Now that Christmas Day is here the season of Advent has ended, and the Christmas Season has begun.
This Blog will probably lie idle now until Advent 2009, but you can still contribute a comment if you wish.
My Main Blog will continue to follow my thoughts and activities as I continue towards the end of my training. Feel free to join me for the journey.
There's a new entry there today - for Christmas Day itself, the start of the Christmas Season.
Thank you for dropping in to my Advent Blog. I wish you a Happy Christmas, and a Fruitful 2009 when it arrives.
Bye for now.
Thursday, 25 December 2008
Sunday, 21 December 2008
Advent - The Baby
The story of Jesus’ birth is a very short story. Only Matthew and Luke’s Gospels record details. John declares that Jesus was the Word of God and he “became flesh”. Mark doesn’t refer to the childhood or origin of Jesus at all.
Luke’s Gospel gives us the most detail about the actual circumstances of Jesus’ birth, with Matthew adding in some other details not included by Luke. Matthew tells us of Joseph’s angelic dream, the visit of the Magi, or Three Wise Men, and the flight to, and return from, Egypt. The rest of the Christmas story comes from Luke.
Although both writers tell us about miraculous events surrounding the birth of Jesus, it seems clear that the birth of Jesus was a normal, natural, human birth.
Given that this was the arrival on Earth of the God who created the Universe - it was surprisingly normal. Why did God bother with making Mary pregnant, waiting for nine months, the hazards of childbirth itself, and then another 30 years of growing up, before Jesus’ ministry began?
Why didn’t God just become a fully adult person ready to begin his ministry? It would saved a lot of risk and waiting about.

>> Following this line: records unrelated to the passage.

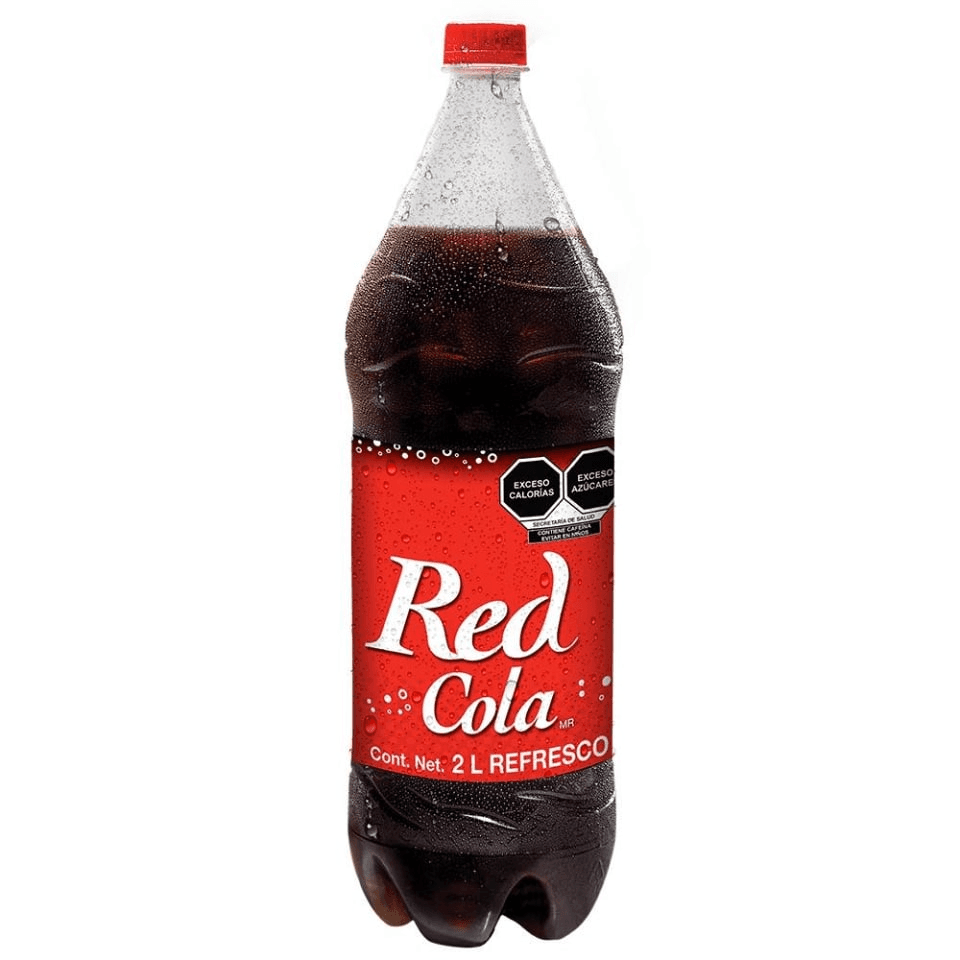 red cola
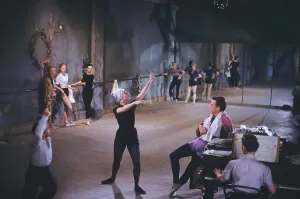Emeric Pressburger Director Impressions: Robert Helpmann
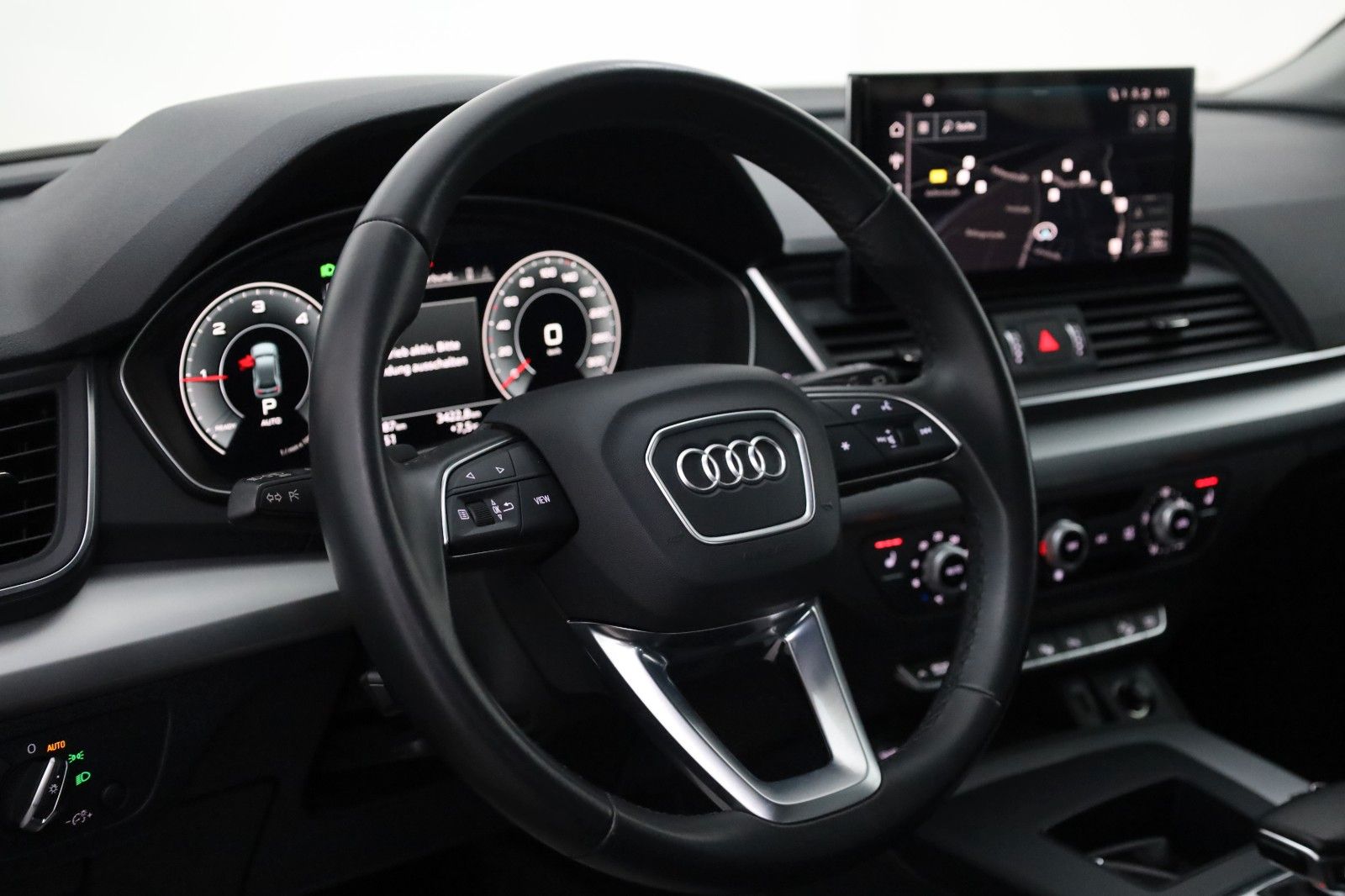 Fahrzeugabbildung Audi Q5 Sportback S line,Leder,Navi,Matrix-LED,360Kam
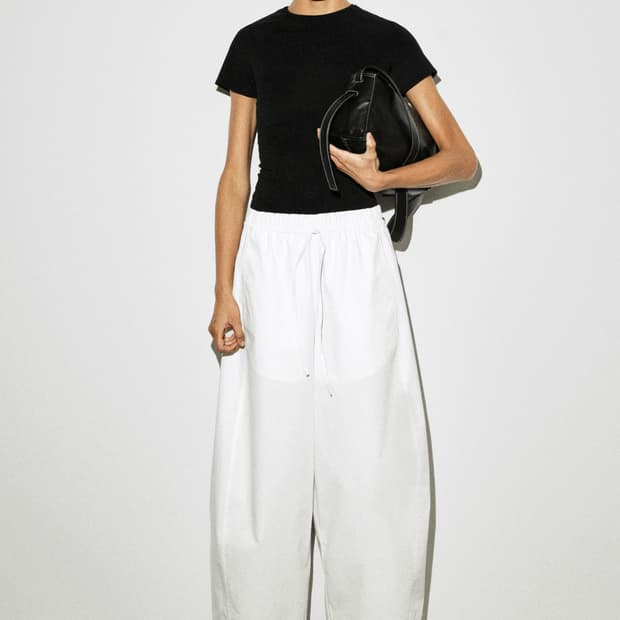 Cos 베럴핏 팬츠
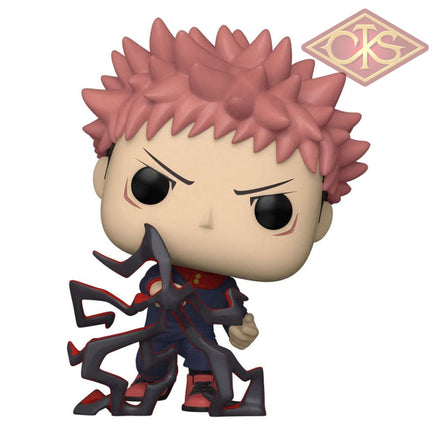 Funko POP! Animation - Jujutsu Kaisen - Yuji Itadori (1111)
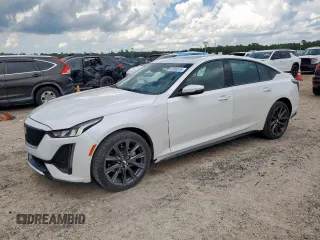 2023 Cadillac CT5 Sport с VIN 1G6DU5RK1P0144323, выставлен на аукционе Copart как лот 61258515 с пробегом Не указан миль и Чистый • Clean title. История ставок и продаж доступна на DreamBid. Изображение 1.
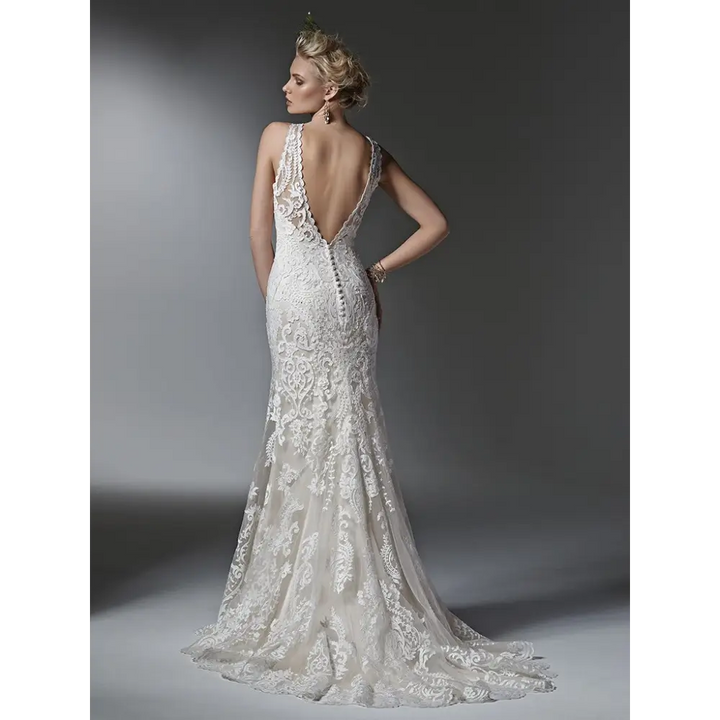 The 'Winifred' Gown by Sottero & Midgley Size 8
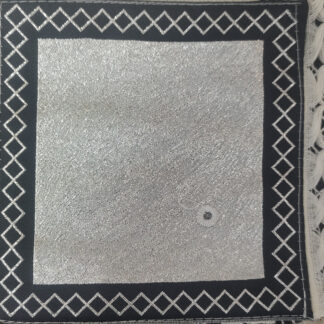 Yemenite Tallit Corner Squares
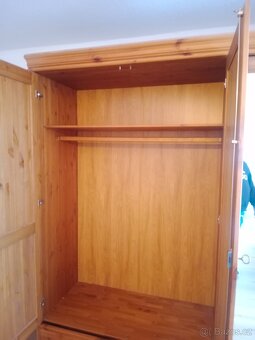 Pěkná ložnice - 7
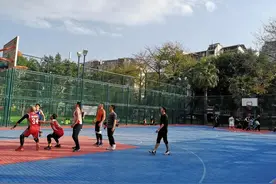 福州又一批公共体育健身场所建成投用图片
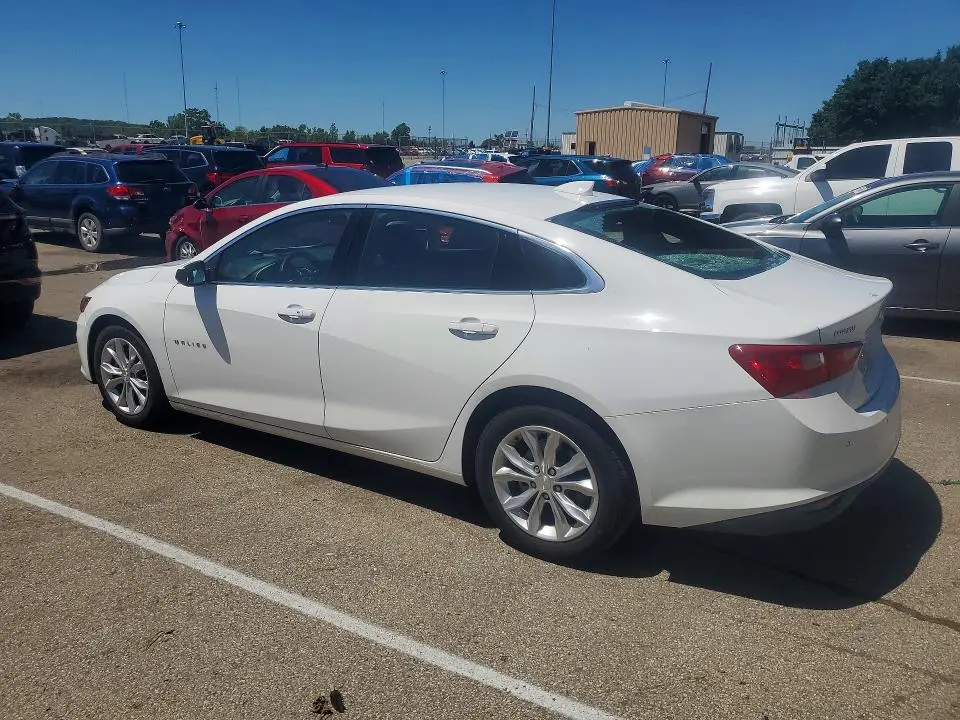 2024 CHEVROLET MALIBU LT  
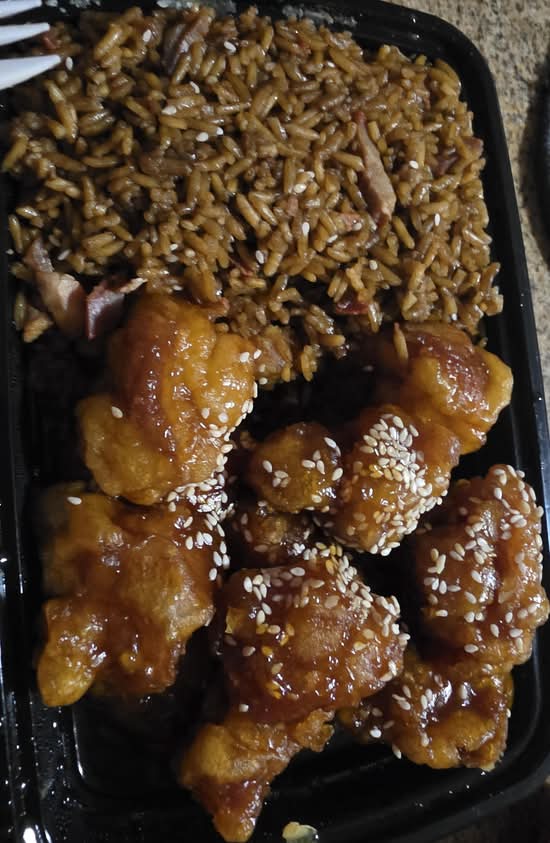 C#Sesame Chicken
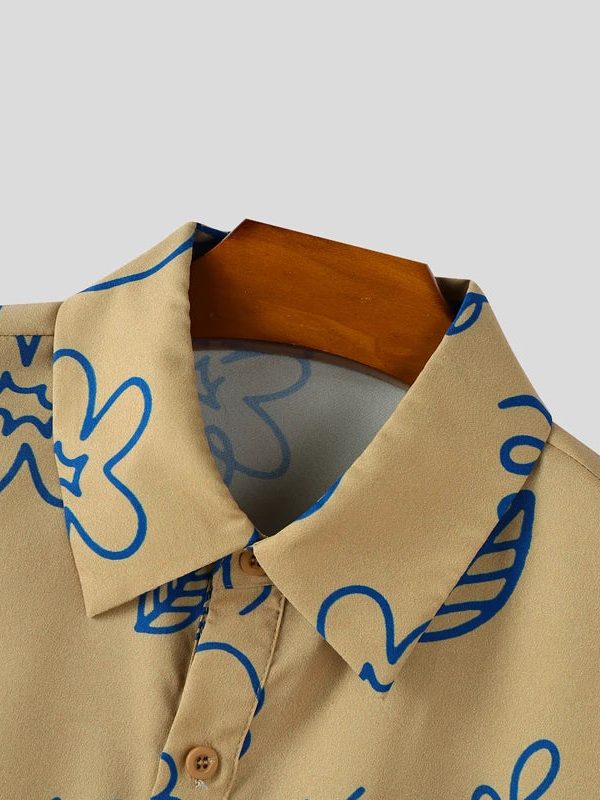 Graphic Print Shirt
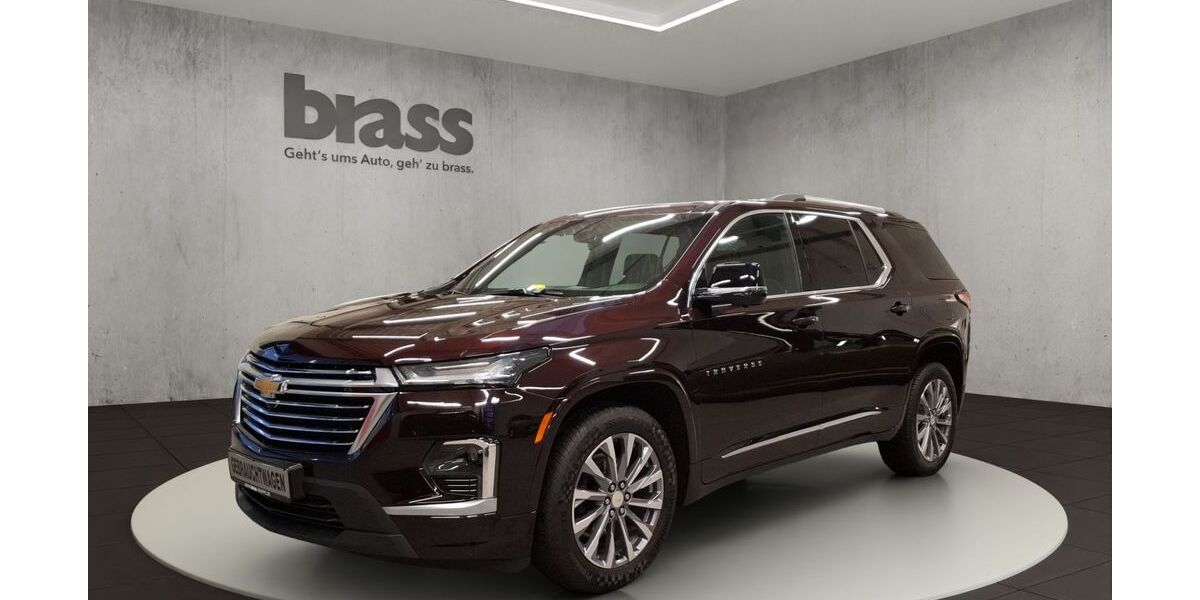 Chevrolet Traverse 27.998 km 37.800 &euro; Dietzenbach 63128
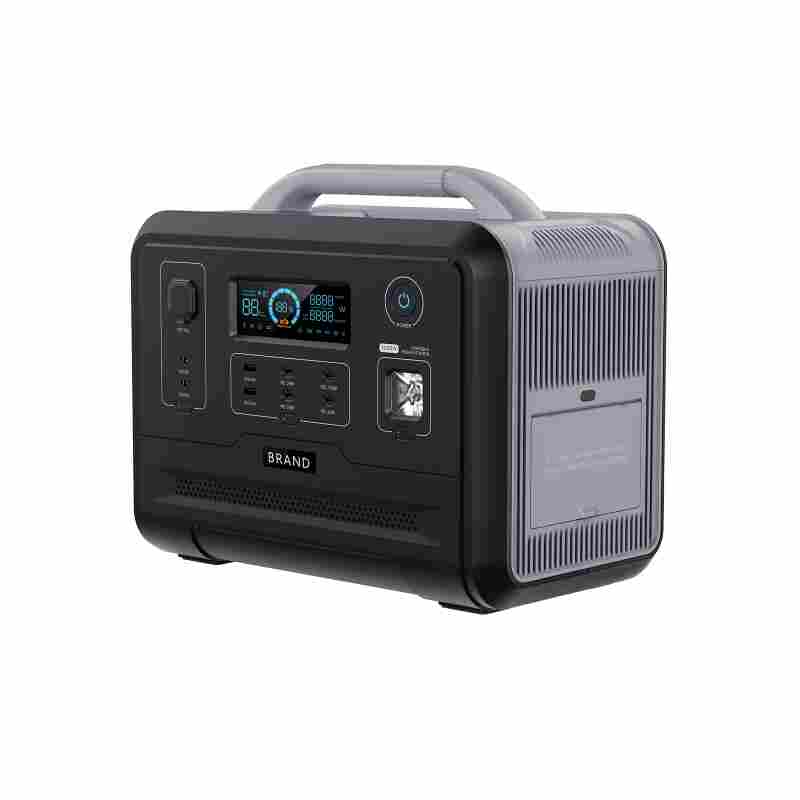 户外便携式储能电源的快充测试解决方案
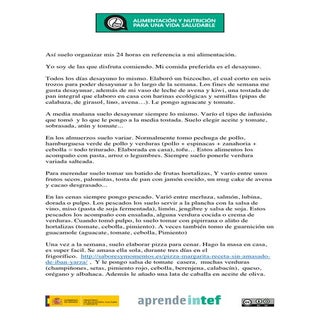 1.2. que comiste ayer recuerdo 24 h...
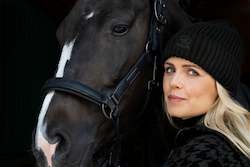 Eskadron ESSENCE Leather Headcollar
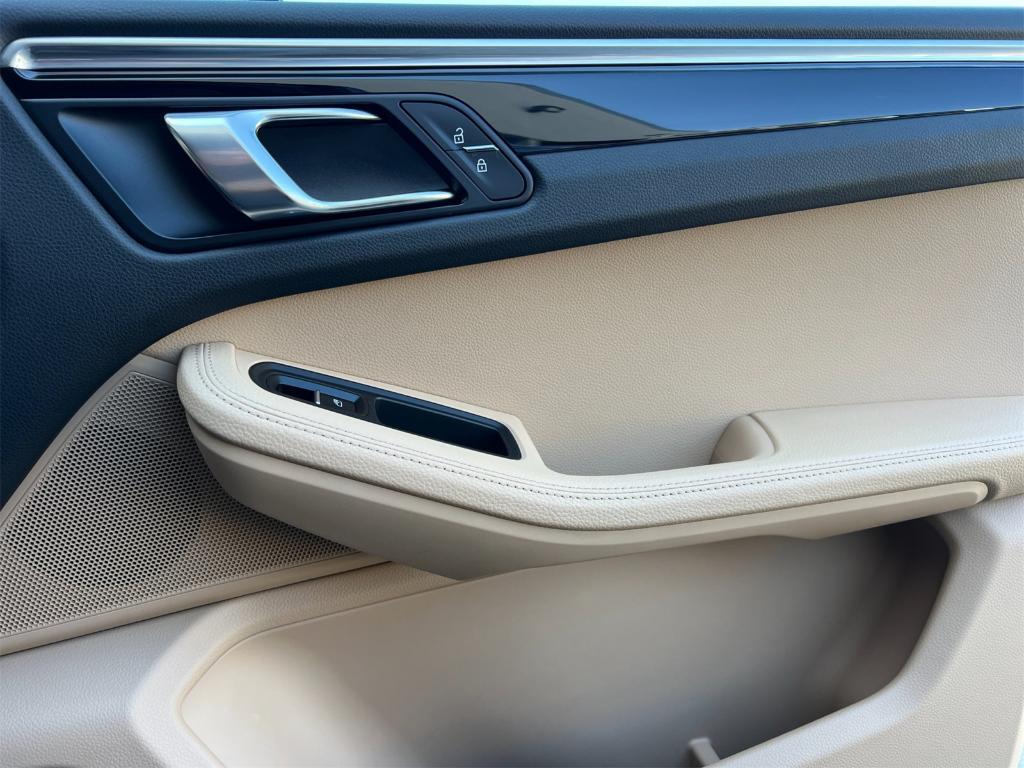 used 2025 Porsche Macan car, priced at $63,995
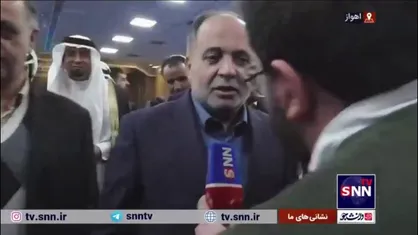وزیر کشاورزی: ۵۰ درصد طرح ۵۵۰ هکتاری اجرا شده است/خوزستان استانی پیش&zwnj;رو در صنعتی&zwnj;سازی کشاورزی است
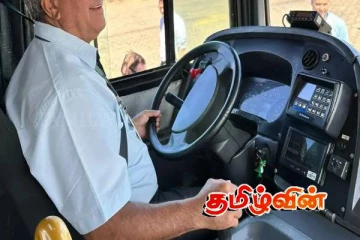 பேருந்து சாரதி - நடத்துனருக்கு எதிராக கடும் நடவடிக்கை: எஸ். விமலேஸ்வரன்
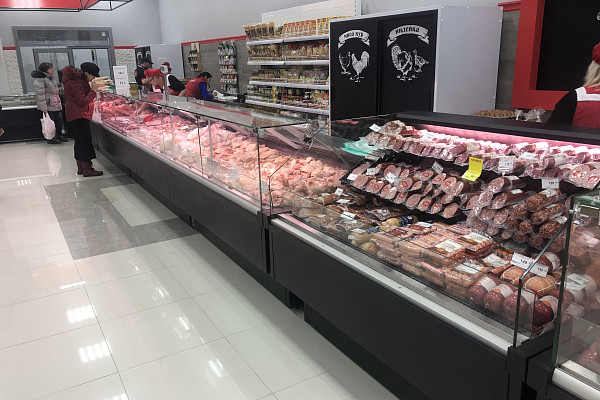 Открытие нового магазина Донские традиции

But God didn’t take the easy way. He never has. After all, he has been waiting for 13.73 ± 0.12 billion years! (according to Hinshaw et al). What’s wrong with waiting another few months.
And as for risk - well actually God doesn’t need to worry about risk. God has the resources to ‘try’ as often as he likes! Just because we only know about the incarnation of God as Jesus doesn’t mean that he didn’t have any previous attempts.
But as it was, Jesus survived the hazards of birth, and of growing up, and accomplished his Mission, to Save the World. And the Early Church, who followed on with Jesus’ ministry, played their part too, in spreading the Gospel around the Globe.
But that makes me wonder - why did God choose that time, away back 2000 years ago, to come amongst us in Jesus? It was such a significant event that the whole world now counts its years from that momentous occasion (apart from a few groups that choose to run their calendars alongside the global calendar).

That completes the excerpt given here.